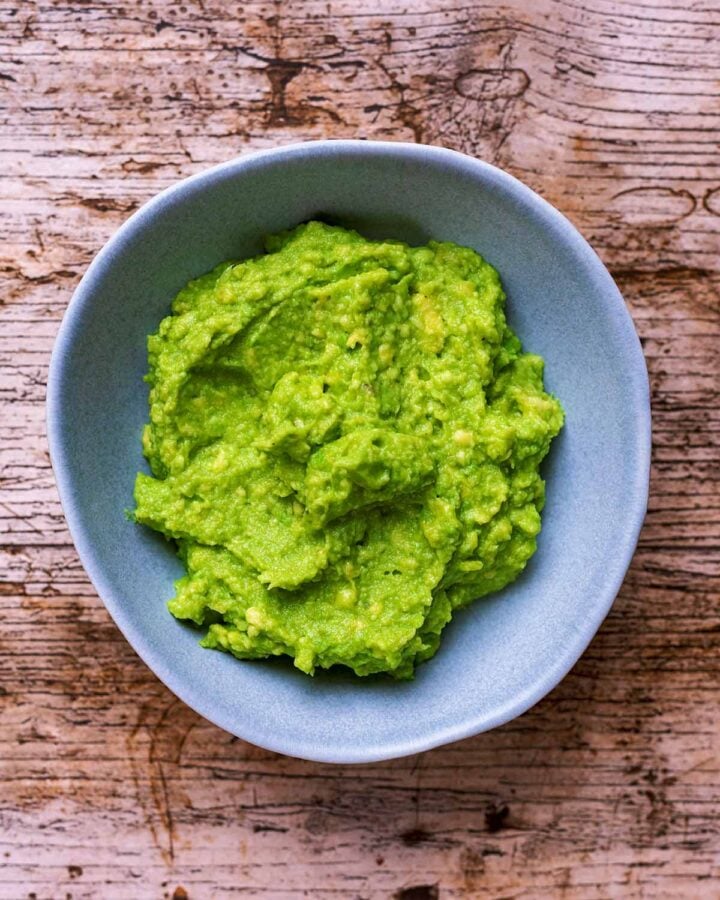 A bowl of mashed avocado.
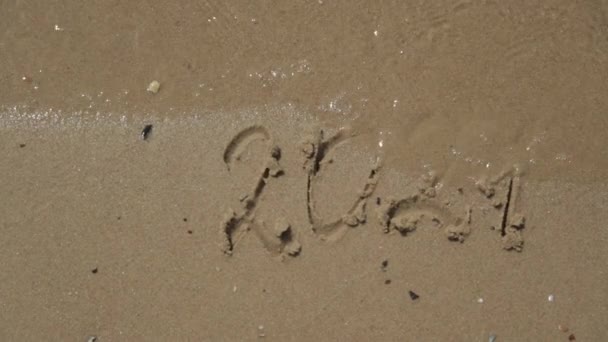 Texto 2021 Escrito en la arena de una playa. El mar sobre un fondo de letras — Vídeo de stock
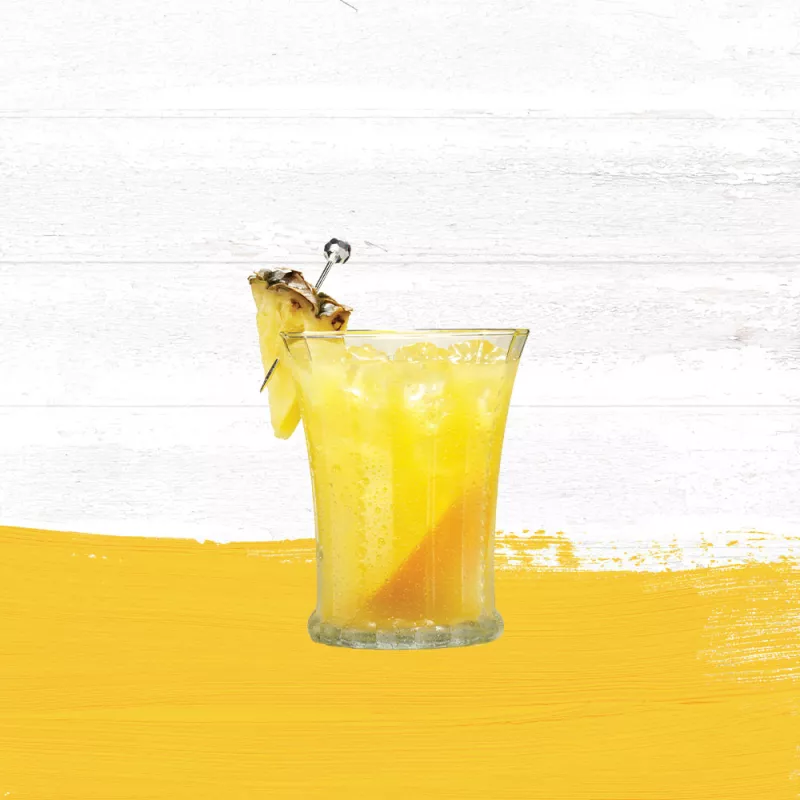 Endless Summer Punch cocktail in a clear glass garnished with pineapple set against a whitewashed wood background and mango hued paint swash.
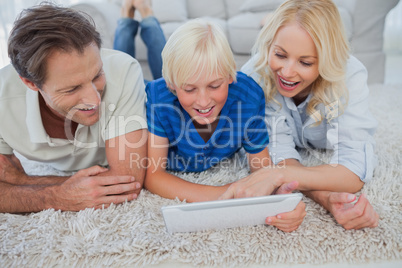 Son and parents using a tablet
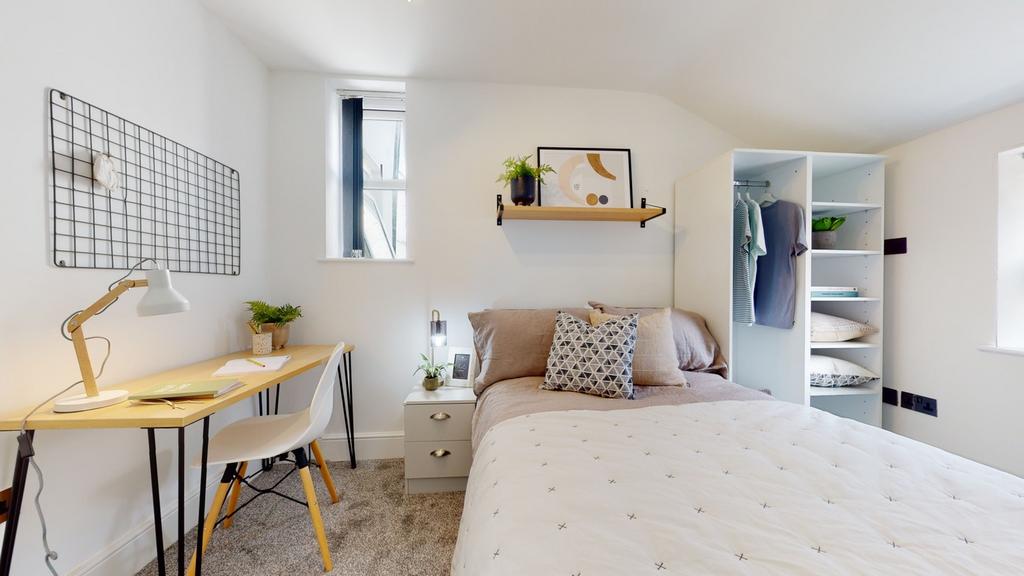 A stylish and well-lit double bedroom featuring...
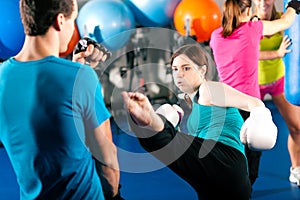 Female kick boxer with trainer in sparring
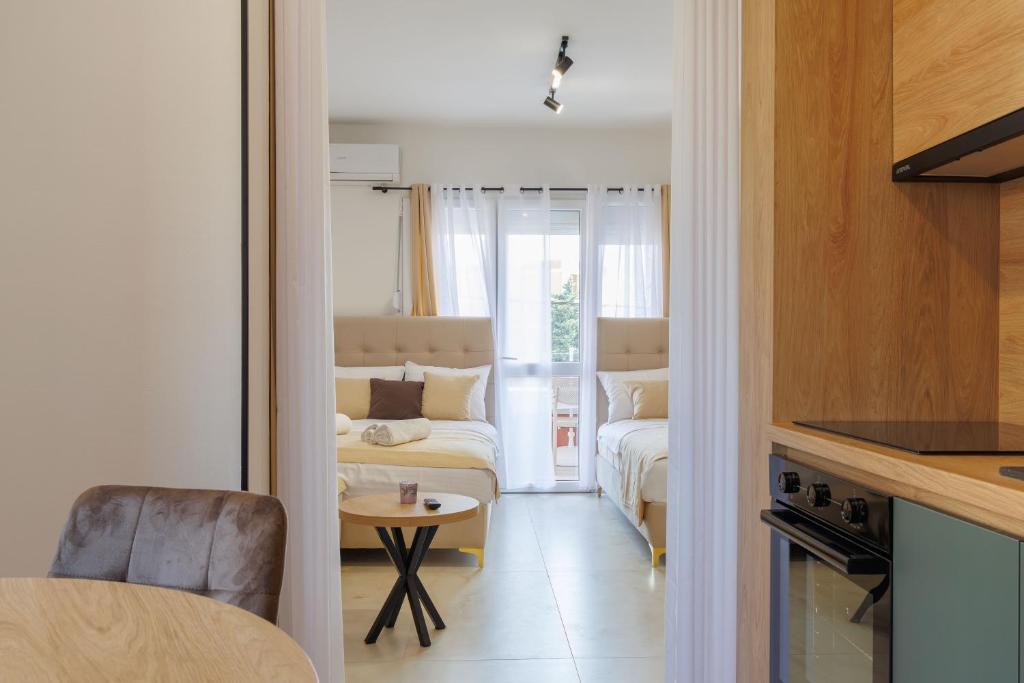 Postel nebo postele na pokoji v ubytování Apartments Donna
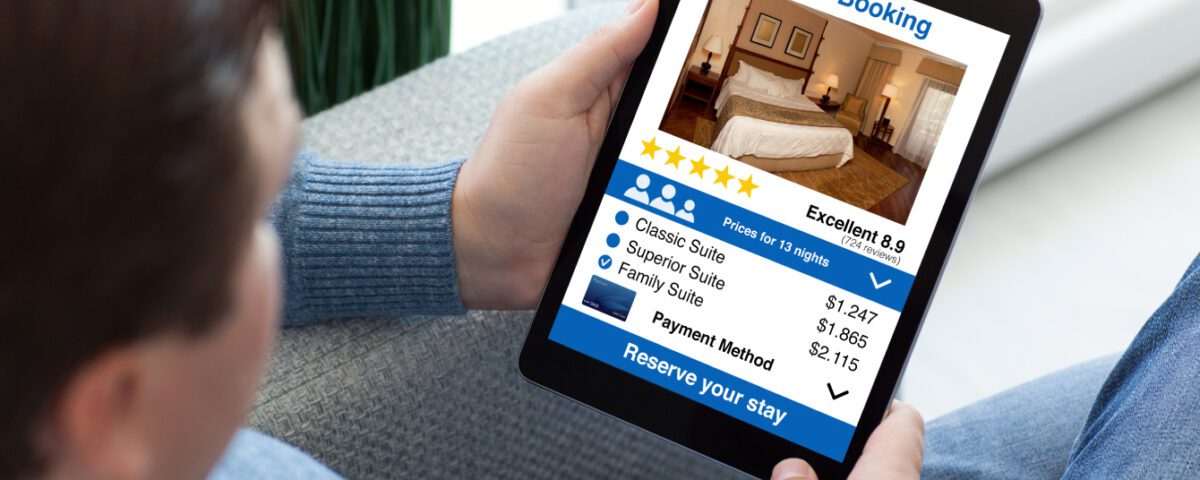 Over the shoulder view of a man holding an iPad tablet looking at hotel reviews and star ratings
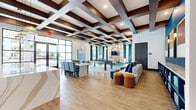 This single-floor amenity space offers a generously sized, open-plan layout designed for social gatherings and relaxation. The architectural highlight is a striking coffered ceiling with dark wood beams arranged in a grid pattern, adding depth and visual interest throughout the space. Wood-look tile flooring runs continuously underfoot, complementing the warm tones of the ceiling.

The main lounge area is divided into distinct functional zones. A seating area features mid-century-inspired striped armchairs arranged around a wooden coffee table, anchored by a vivid teal patterned area rug. A focal arched wood-paneled wall houses a mounted flat-screen television, flanked by floor-to-ceiling teal drapery that frames large windows allowing abundant natural light and outdoor views. A billiards table is centrally positioned within the open floor plan, while a dining table with upholstered chairs provides additional gathering space.

The kitchen area is well-appointed with quartz countertops, white cabinetry, hexagonal tile backsplash, open wood shelving, and stainless steel appliances. Large glass-panel entry doors connect to the exterior, further enhancing the bright, welcoming ambiance of the space.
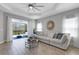 Bright living room features a large sectional sofa and a view to the backyard patio at 6255 Cassia St, Bradenton, FL 34203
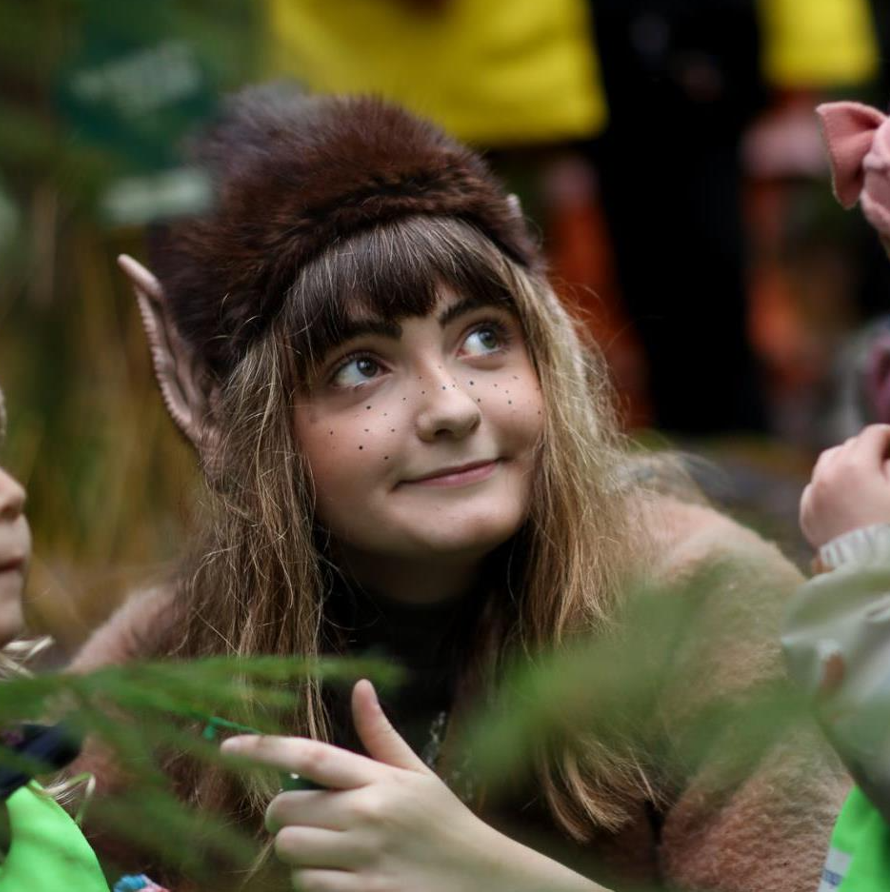 En tjej utklädd till troll möter nyfikna barn i skogen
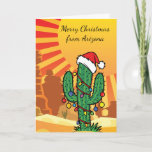 Tarjeta Festiva Navidades de Arizona Saguaro Cactus<br><div class="desc">Pequeño cactus de Saguaro en el desierto vistiendo un gorra Navidad y luces Navidades</div>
----------------
Try it:
Please transcribe exactly the lines from the start of the records through the line containing "Over the shoulder", leaving the pictures out.

Response area:
 A bowl of mashed avocado.
 Texto 2021 Escrito en la arena de una playa. El mar sobre un fondo de letras — Vídeo de stock
 Endless Summer Punch cocktail in a clear glass garnished with pineapple set against a whitewashed wood background and mango hued paint swash.
 Son and parents using a tablet
 A stylish and well-lit double bedroom featuring...
 Female kick boxer with trainer in sparring
 Postel nebo postele na pokoji v ubytování Apartments Donna
 Over the shoulder view of a man holding an iPad tablet looking at hotel reviews and star ratings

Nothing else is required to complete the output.